Diane Case was born in Woodstock, Cape Town in 1955, the daughter of an Indian father and mixed race mother of slave ancestry. The family later moved to Wittebome in Wynberg where Diane attended Battswood primary school and Immaculata High School. A quiet and sensitive child who felt the pain of others very deeply, Diane found a channel for these feelings through writing. Not surprisingly, as a student Diane excelled at creative writing and language. [i]

In 1981 as a young mother, Diane penned her first the novel Albatross Winter, a story about the life of a young child from a disadvantaged community in the Cape Flats. [ii]This novel won the Maskew Miller Young Africa Literary award in that year and was to be the start of a journey as a full-time writer capturing childhood in the dismal underbelly of the Western Cape where life is cheap and childhoods are stifled by poverty and desperation. Case’s grasp of the social ills caused by Apartheid and its intergenerational consequences runs as a common thread in all her novels and she does not shy away from dealing with issues that are hard-hitting, but real for many impoverished communities.[iii] This is nowhere more evident than in her last literary offering ‘The Rules’, which deals with the lives of two young people from Manenberg in the Cape Flats. The book touches on the challenges faced by youth in Cape Town townships, most notably the abuse of Tik Methamphetamine, a drug that is slowly sucking out the life of many of Cape Town’s disadvantaged youth.
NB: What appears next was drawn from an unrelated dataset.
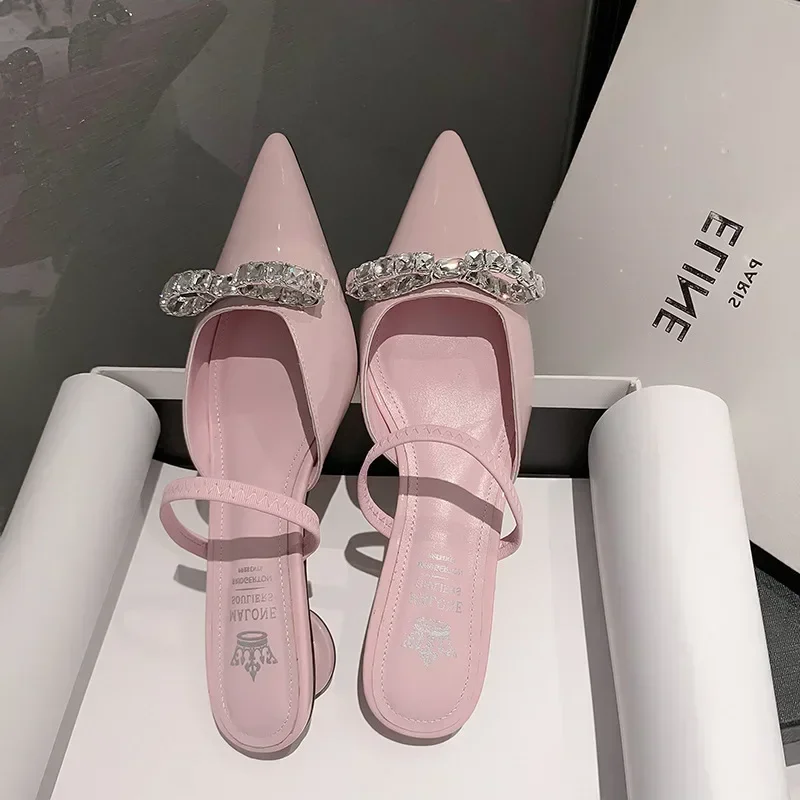 Women Patent Pink Slippers Spr - Women'S Shoes Clogs ulasan dan harga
Diane is notable, not only as a children’s author who has touched the lives of street children and highlighted the plight of Cape Town’s disaffected youth, but also as a community worker. She has also run creative writing workshops for female prisoners at Pollsmoor prison[iv] in the past and currently spends a good deal of her time giving workshops and motivational talks at schools.
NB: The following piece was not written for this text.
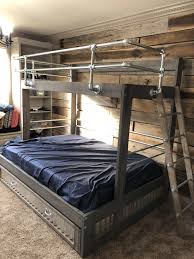 On the other hand, building one can free up almost 35 square feet of floor space in your bedroom. Outstanding Bunk Bed Designs Space Saving Detail Is Readily Available On Our Internet Site Have A Look And You Diy Loft Bed Queen Loft Beds Queen Bunk Beds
Diane is kind to a fault and is a lifeline to many in her community who have fallen on hard times. In addition to this, Diane has raised three daughters who are all strong young women, one of them being Maxine Case, herself an accomplished author, a chip off the old block![v] Certainly, Diane Case’s contribution to South African literature has been outstanding. Described as a ‘master storyteller’,[vi] Diane she has won multiple awards for writing, including the Percy Fitzpatrick prize of the English Academy of Southern Africa.[vii]

End Notes

[i] Personal input from a family member 26.09.2016.

[ii] Sunday Times ‘Books Live’, Winners of the 2015 Maskew Miller Longman Literature Awards, 26 November, 2015. Url number http://bookslive.co.za/blog/2015/11/26/winners-of-the-2015-maskew-miller-longman-literature-awards/(Date accessed 28.09.2016).
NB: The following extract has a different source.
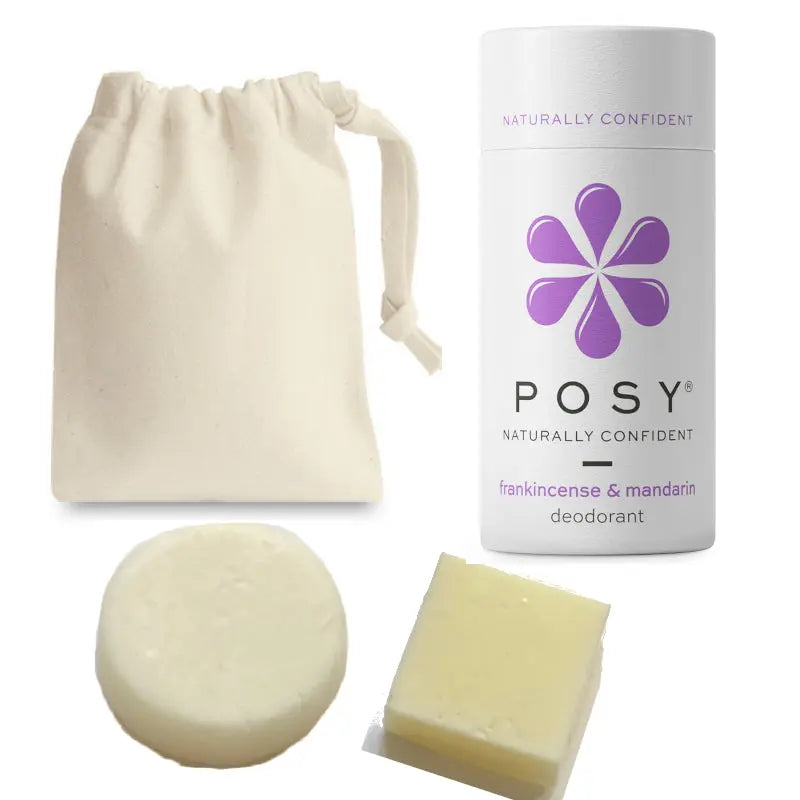 POSY London. - Eco-friendly Deodorant, Shampoo and Conditioner Bar Bundle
[iii] Elwyn Jenkins, ‘Sharing our Stories’, The Cape Librarian, p. 13, September / October 2004, url number https://www.westerncape.gov.za/text/2005/2/sep04_article2pg12_15.pdf, (date accessed 28.06.2016).

[iv] http://whoswho.co.za/dianne-case-1962 (Undated) Date accessed 28.09.2016.

[v] Mail & Guardian, 200 Young South Africans Archive, ‘Maxine Case’, 2009, url number http://200ysa.mg.co.za/2009/maxine-case/(Date accessed 28.09.2016).

[vi] The Book Lounge launch of ‘The Rules’ by Diane Case, 22 June 2016, url number http://www.booklounge.co.za/2016/06/22/launch-of-the-rules-by-dianne-case/ (Date accessed 26.09.2016).

[vii] Jenkins, ‘Sharing our Stories’, p.13.